China watchers have come to call it "the spring of arrests": each year, in the weeks leading up to the June 4 anniversary of the 1989 Tiananmen massacre, security forces detain dissidents lest they call attention to Beijing's crackdown on pro-democracy protesters. But this year, spring arrived a little early—and netted some unusual suspects.
News trickled out last week that Ching Cheong, the Hong Kong-based chief China correspondent for Singapore's Straits Times, had been detained in late April on suspicion of espionage. Three days later, word spread that Lu Jianhua, a sociologist at the government-run Chinese Academy of Social Sciences (CASS) in Beijing, and another CASS administrator, Chen Hui, had been rounded up around the same time for allegedly leaking state secrets—a charge that, like espionage, can carry the death penalty. But in an open letter to Hong Kong newspapers last Friday, Ching's wife, Mary Lau, claimed that her husband was not working for "a foreign intelligence agency," as Beijing alleges. In fact, Lau stated, Ching regularly helped to research reports for the Chinese government on Hong Kong and Taiwan affairs. His government contact? None other than sociologist Lu, whom she claims occasionally gave Ching internal information on communications between China's senior leaders.
So how is it that a self-described "nationalist" reporter who once worked for Hong Kong's pro-Beijing daily Wen Wei Po and a sociologist who often appeared on Chinese television to promote government policy are being detained for anti-Chinese activities? According to Lau, the 55-year-old reporter was picked up by Chinese security personnel on April 22 while in Guangzhou to collect a top-secret manuscript by a friend of Zhao Ziyang, the popular ex-Premier purged for opposing the Tiananmen crackdown, who died under house arrest in January. Although the manuscript's exact contents are not clear, a previous memoir by the friend, Zong Fengming, who was able to visit Zhao under house arrest, quoted the former leader as saying that calls for democracy in 1989 came not just from students but from many mid-level Party bureaucrats as well. That claim is incendiary, for the Communist Party has always dismissed the pro-democracy movement as the work of a small number of "black hands" who manipulated the students. After Ching was detained, Lau said, security personnel searched his computer and discovered notes on the leadership discussions that Lu presumably had passed to him. Those internal communications could constitute the state secrets at issue. Lau, who last spoke to Ching on May 29, is not hopeful she will see her husband of 22 years anytime soon: "He said it will take a long time for him to come back."
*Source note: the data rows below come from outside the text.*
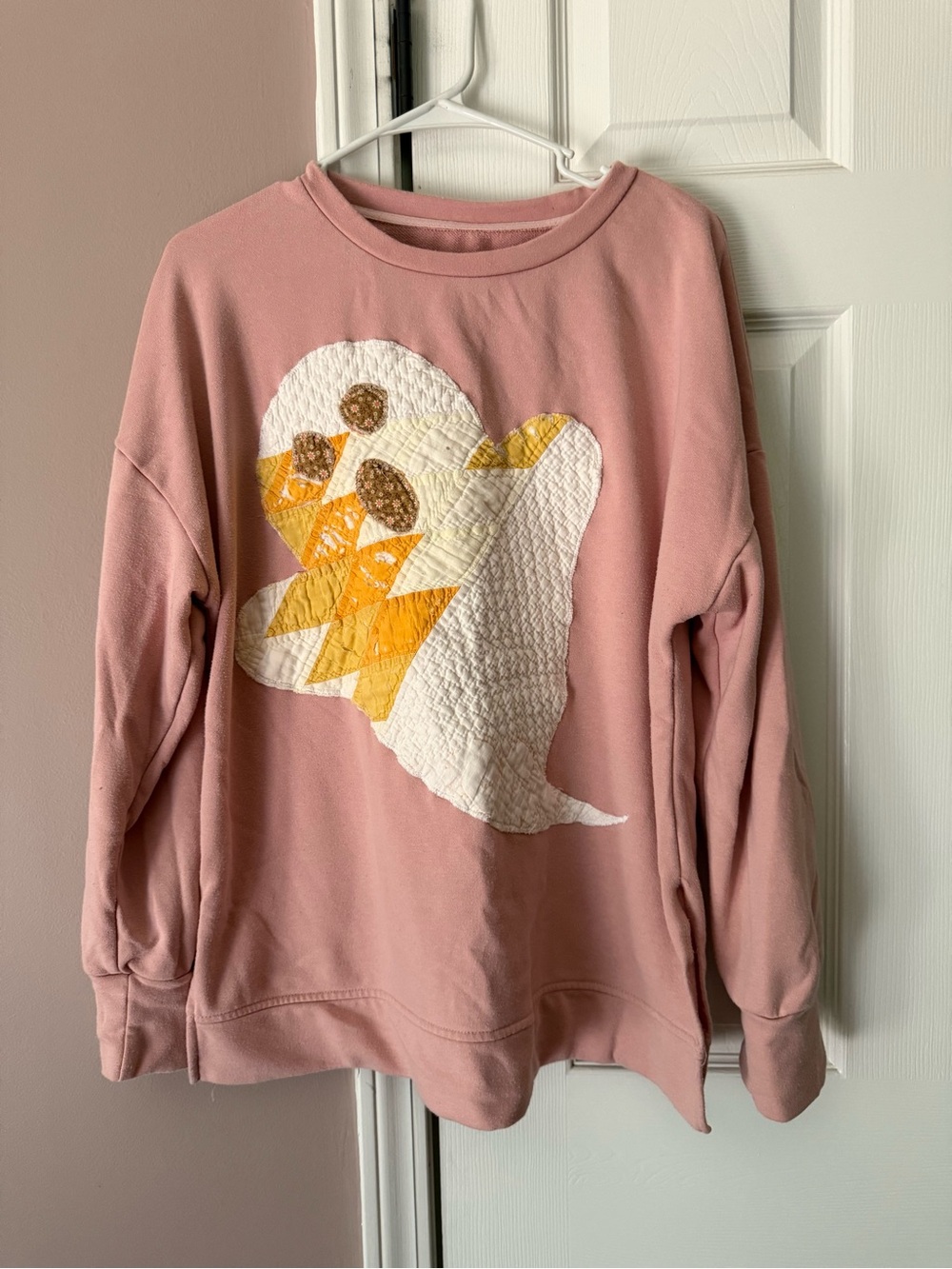 Pink Quilted Ghost Appliqué Sweatshirt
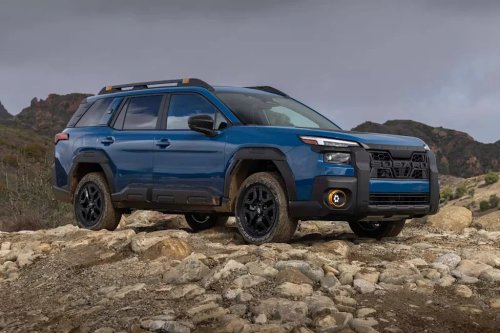 Couple Slam the Dumbest Feature They've Seen on a Subaru Outback
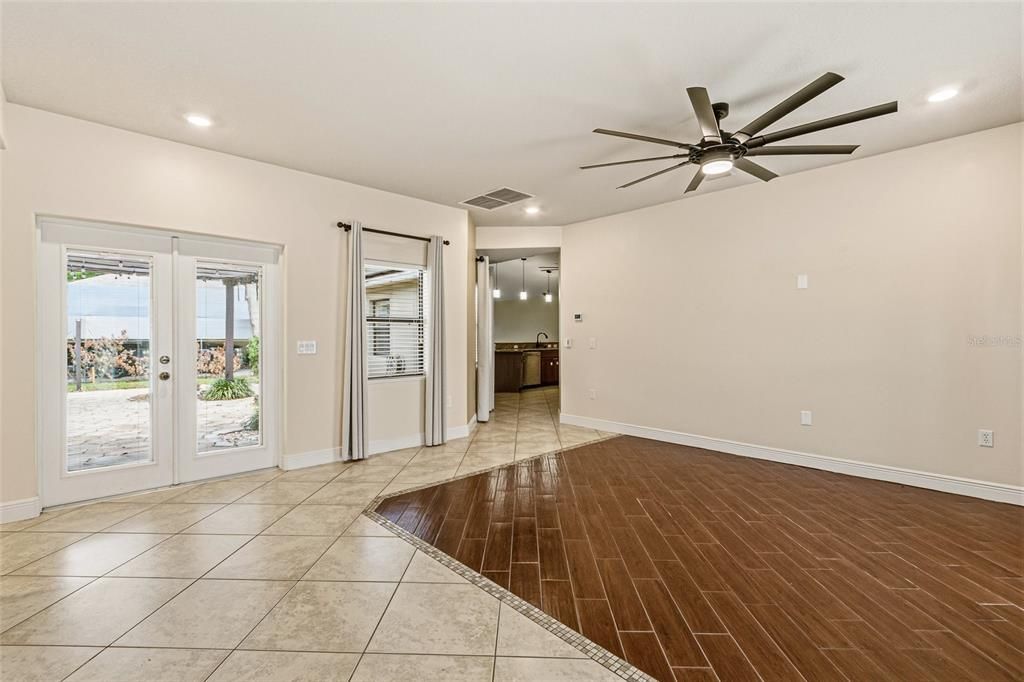 Activo con contrato: $470,000 (3 camas, 2 baños, 2200 Pies cuadrados)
Ching and the CASS academics were not the only detainees to make headlines. Police passed to the prosecutor's office last week the investigation into Zhao Yan, a Beijing researcher for the New York Times who has been held incommunicado since September. Zhao is under investigation for both fraud and leaking state secrets, but his lawyer has not yet seen details of the police reports. In April, Shi Tao, a Chinese journalist, was sentenced to 10 years in prison for leaking state secrets to foreign media. (What was leaked and to whom has not been made public—those details are, by definition, state secrets themselves.) And last week, a newspaper run by the China Youth Daily called Bingdian Weekly was quietly shut down after publishing an article about democracy in Taiwan.
All in all, media-rights group Reporters Without Borders says 32 journalists are currently imprisoned in China for their reporting. Says Nicholas Becquelin, Hong Kong-based research director for Human Rights in China: "Over the past six months, there has been a definite tightening of freedoms for the media, academics and publishing houses. I think [the recent detentions] are a sign that the leadership is striking hard to make an example of these people so that fear is instilled in these sensitive professions." In the past, detained dissidents were usually released soon after June 4. Will that happen this year?